The men's Greco-Roman 84 kg wrestling competition at the 2010 Asian Games in Guangzhou was held on 22 November 2010 at the Huagong Gymnasium.

This Greco-Roman wrestling competition consisted of a single-elimination tournament, with a repechage used to determine the winner of two bronze medals. The two finalists faced off for gold and silver medals. Each wrestler who lost to one of the two finalists moved into the repechage, culminating in a pair of bronze medal matches featuring the semifinal losers each facing the remaining repechage opponent from their half of the bracket.

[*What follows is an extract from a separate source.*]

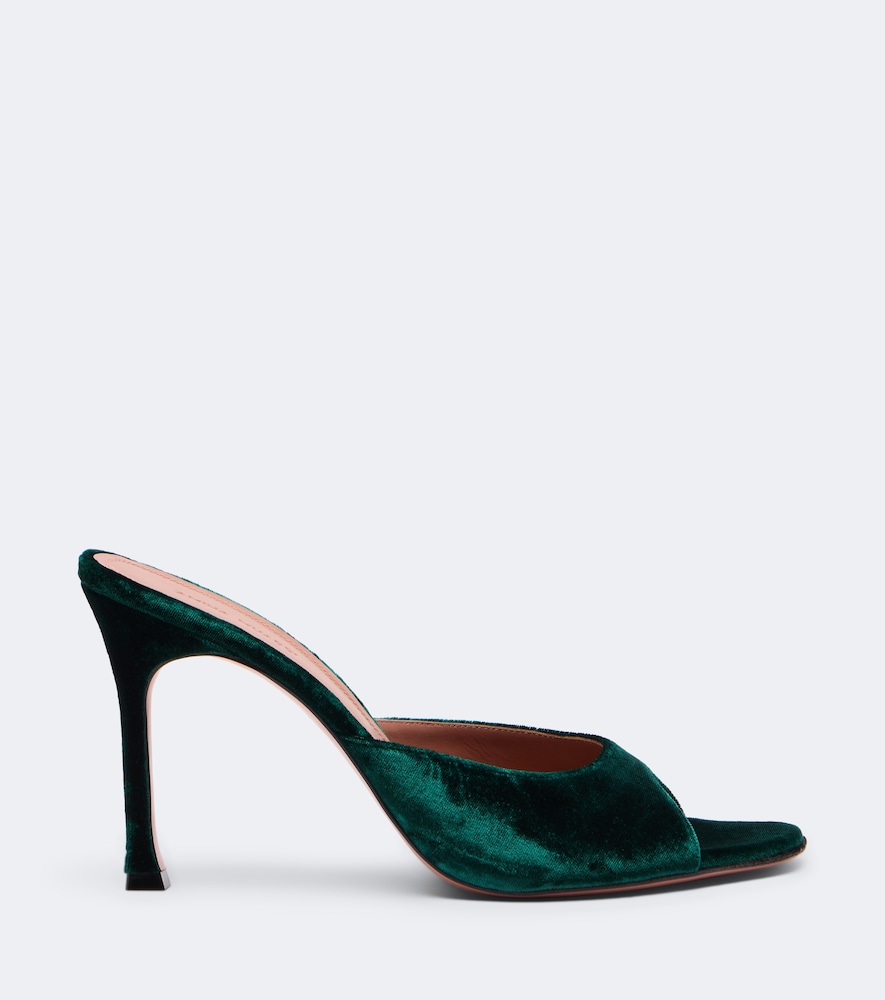 Alexa Velvet Mules
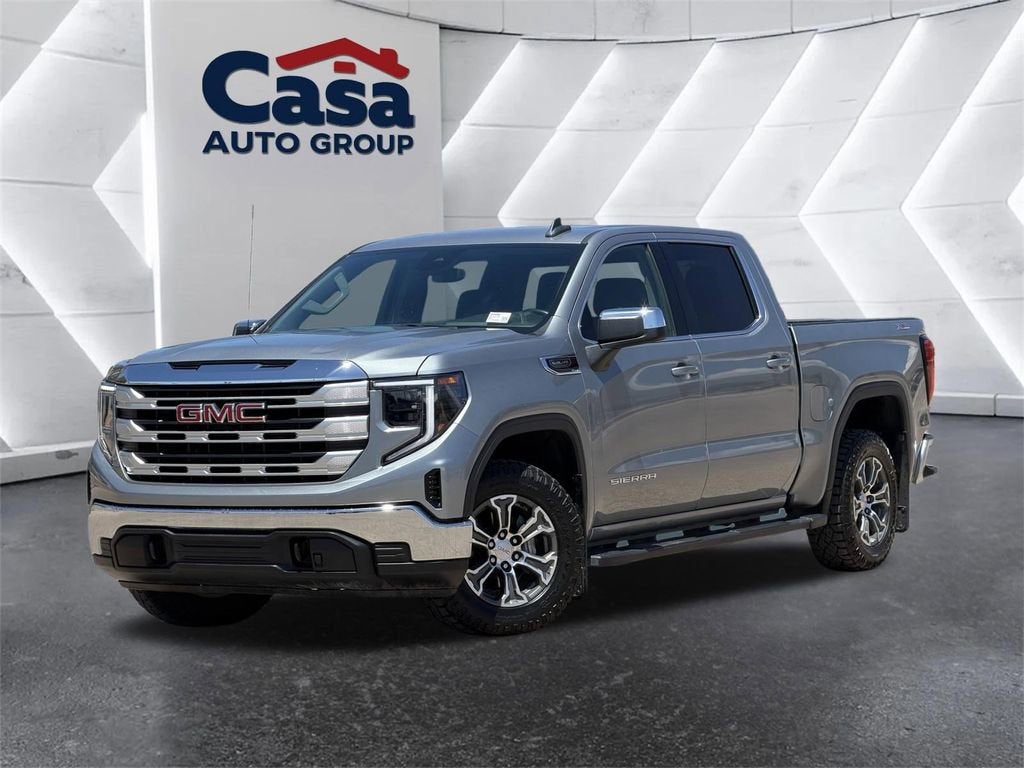 2024 GMC Sierra 1500 SLE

Each bout consisted of up to three rounds, lasting two minutes apiece. The wrestler who scored more points in each round was the winner of that rounds; the bout finished when one wrestler had won two rounds (and thus the match).

==Schedule==
All times are China Standard Time (UTC+08:00)

Date: Time; Event
Monday, 22 November 2010: 09:30; 1/8 finals
Quarterfinals
Semifinals
16:00: Repechages
17:00: Finals

== Results ==
- Legend
- F — Won by fall

==Final standing==

| Rank | Athlete |
|---|---|
| 1st place, gold medalist(s) | Taleb Nematpour (IRI) |
| 2nd place, silver medalist(s) | Lee Se-yeol (KOR) |
| 3rd place, bronze medalist(s) | Alkhazur Ozdiyev (KAZ) |
| 3rd place, bronze medalist(s) | Janarbek Kenjeev (KGZ) |
| 5 | Ma Sanyi (CHN) |
| 5 | Manoj Kumar (IND) |
| 7 | Nezar Oudeh (SYR) |
| 8 | Ali Awarke (LIB) |
| 8 | Ylýas Esenow (TKM) |
| 10 | Norikatsu Saikawa (JPN) |
| 11 | Noor Ahmad Ahmadi (AFG) |
| 12 | Jafar Khan (QAT) |
| 13 | Alaa Abusnaina (PLE) |
| DQ | Jakhongir Muminov (UZB) |

- Jakhongir Muminov of Uzbekistan originally got the 7th place, but was disqualified after he tested positive for Methylhexanamine.